Generalanwalt: Kein Verstoß gegen Autonomie des Unionsrechts
In seinen Schlussanträgen weist Generalanwalt Maciej Szpunar zunächst das Vorbringen zurück, wonach das in Rede stehende Schiedsverfahren und der anschließende Schiedsspruch in Anbetracht der vom Gerichtshof mit Urteil vom 06.03.2018 ("Achmea", BeckRS 2018, 2315) aufgestellten Grundsätze gegen den Grundsatz des gegenseitigen Vertrauens und die Autonomie des Unionsrechts verstießen. Gemäß diesem Urteil stehe das Unionsrecht (Art. 267 und 344 AEUV) einem Mechanismus zur Beilegung von Streitigkeiten entgegen, der in einem zwischen zwei Mitgliedstaaten geschlossenen Investitionsschutzabkommen vereinbart sei und vorsehe, dass ein Schiedsgericht, das außerhalb des Rechtssystems der Union stehe und nicht der Kontrolle durch ein Gericht eines Mitgliedstaats unterliege, das Unionsrecht auslegen oder anwenden könne.

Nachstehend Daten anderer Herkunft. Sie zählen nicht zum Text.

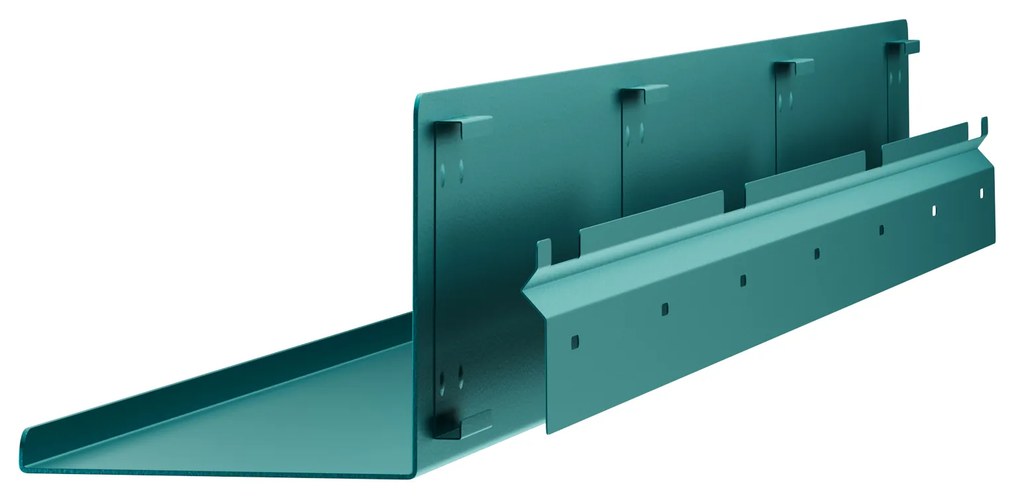 Półka wisząca metalowa morska, 1200 mm: JOANNE Modern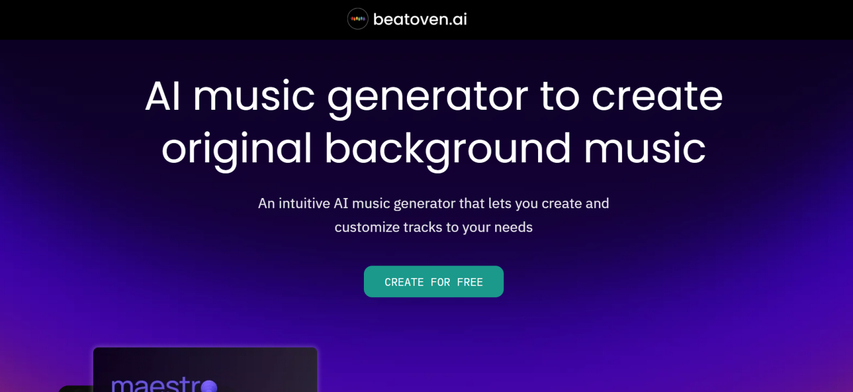 beatoven ai tool for calm lofi music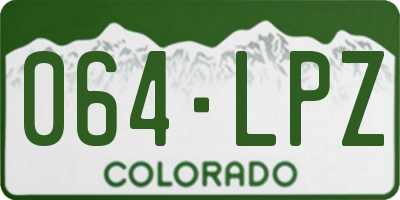 CO license plate 064LPZ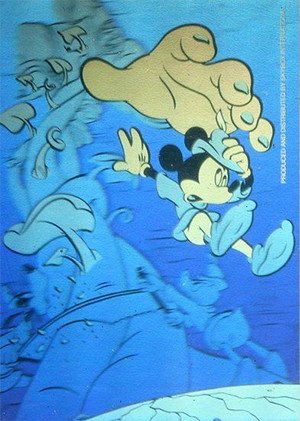 SkyBox Disney Collector Cards - Series II Double-Sided Hologram Card  Mickey and the Beanstalk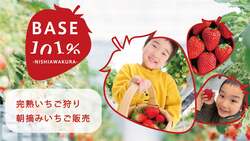 「エリア最速！岡山県西粟倉村でクリスマスからいちご狩りスタート　5品種を食べ放題」の写真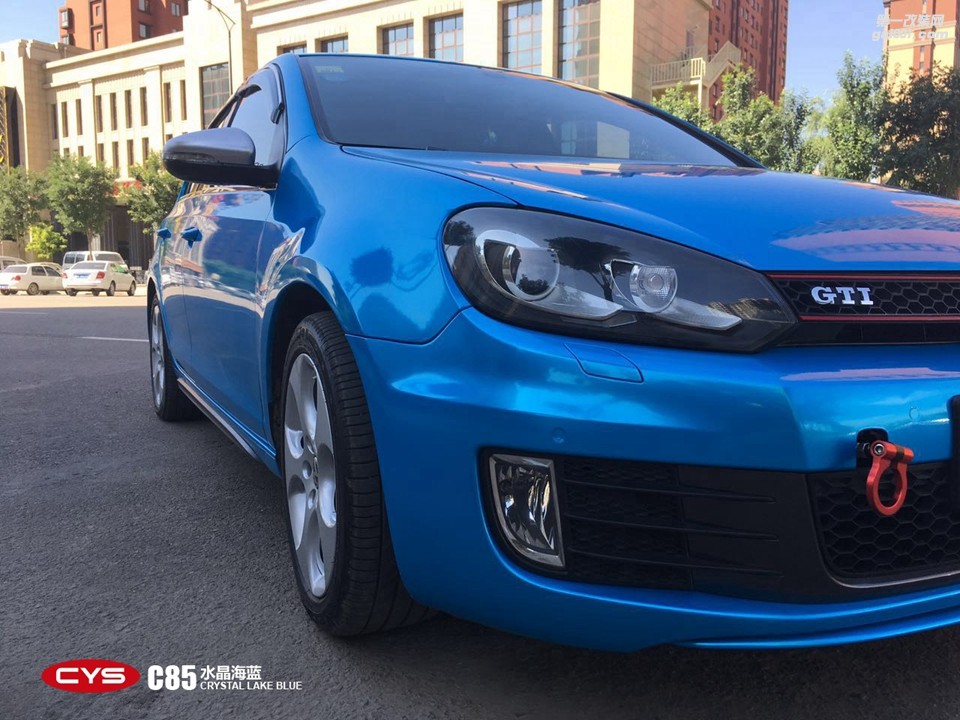 北京大眾GTI CYS水晶海藍(lán) C85 汽車改色貼膜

Achmea-Grundsätze auf vor EU-Beitritt eingeleitetes Schiedsverfahren nicht anwendbar
Die Rechtsprechung, die auf das Achmea-Urteil zurückgehe, gelte zwar ab dem Tag des Beitritts in Rumänien. Die Anwendung des Unionsrechts könne die besonderen Merkmale eines Schiedsverfahrens, das vor dem Beitritt Rumäniens zur Union eingeleitet worden und zum Zeitpunkt dieses Beitritts noch anhängig gewesen sei, jedoch nicht beseitigen. Somit sei ein Schiedsverfahren, das auf der Grundlage eines Investitionsschutzabkommens eingeleitet worden sei, das ein Mitgliedstaat und ein am Schiedsverfahren beteiligter Drittstaat vor dessen Beitritt zur Union geschlossen hätten, auch nach diesem Beitritt nicht geeignet, die Autonomie des Unionsrechts zu beeinträchtigen, sodass kein Verstoß gegen die Art. 267 und 344 AEUV festgestellt werden könne und sich folglich die Grundsätze, die sich aus dem Achmea-Urteil ergäben, nicht auf ein solches Schiedsverfahren anwenden ließen.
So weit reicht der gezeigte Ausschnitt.